They're truncated. So, what's the scarp?
The scarp is the abrupt edge where we suddenly lose the hills.
And the hills are gone here.
But this is the real reason I stopped here.
We did have a kind of a pre-production Zoom meeting with Brady and Gary and myself.
And Brady's like, "Wow, if those are really as impressive as they appear on imagery, um, man, this is and yes, come on.
Isn't this worth an episode, Brady?"
Again, they're not conicle piles. They are they are like salmon all kind of work swimming towards us. They're coming upstream. They've got their heads upstream and their tails downstream.

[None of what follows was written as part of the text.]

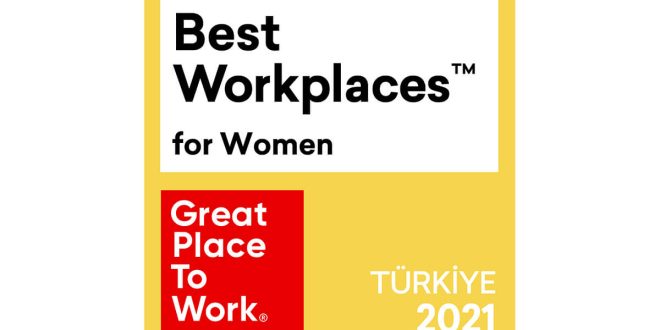 Kadınlar için Türkiye'nin harika işyerleri açıklandı! (Great Place to Work)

And you're like, why are you talking about water suddenly?
I'm talking about water because the Missoula floods came from the north.
The Cheni Paloo flood track cruising through here and totally removing the loose.
But in a few of these places, sculpting the loose but leaving these isolated um petrified salmon. What Yeah, I think right in here next to an abandoned homestead, I think something like this, Brady, could be uh an excellent place to uh to talk about the loose, to talk about the the hills, to talk about the wheat. The wheat's looking pretty damn good right now.
And that loose hills twominute thing I sent you. I think Tom Foster and I were right here.
That place that everybody thinks is Microsoft background or whatever screen saver was right in here.
Yeah. So, we can go up this road a ways if you like, but I I think I think it's all right here. I think this this is looking great.
So, I think this is our loose spot to film, assuming you want to film a loose standup.
And you can certainly zoom above me. You can get the red shirt uh tight and then you can sorry and then you can fly away from me and just have endless slopes of green and blue sky and then truly uh four minutes away.
We'll just do this in one continuous shot.
Now I'm driving essentially west and uh oh uh oh some of our rolling hills are getting interrupted.
So there's one of our scarps.
You can kind of see the brown where the the slope just steepens.
And if that appeals to you Brady, we can we can just ask why why are we suddenly getting a steep uh slope?
Because we just established that these loose hills are so contoured. They're so graceful. There there's never an inter interruption. Well, this is an interruption. Why? Cuz some Missoula flood water came right through here, right between that building and the other slope.
And then we pick it up again.
We get to our first island. Yeah, this is good right here.
Rolling hills. Rolling hills. But there's a chasm because the the the flood waters, the Missoula floods snuck through here.
And they didn't do a complete job. They didn't take everything away, but there's this kind of graceful scalpel that these Missoula floods were using right through here. This wasn't the main channel. This was kind of places where the flood waters were big enough, fast enough, deep enough to creep their way, creeps probably wrong to surge their way uh into the high and dry places and take stuff away here. But it wasn't a total job. I guess that's the point. It wasn't a total job.
It was a partial job.
And so these petrified salmon, I doubt you'll want me to use that, but I happen to like it at the moment.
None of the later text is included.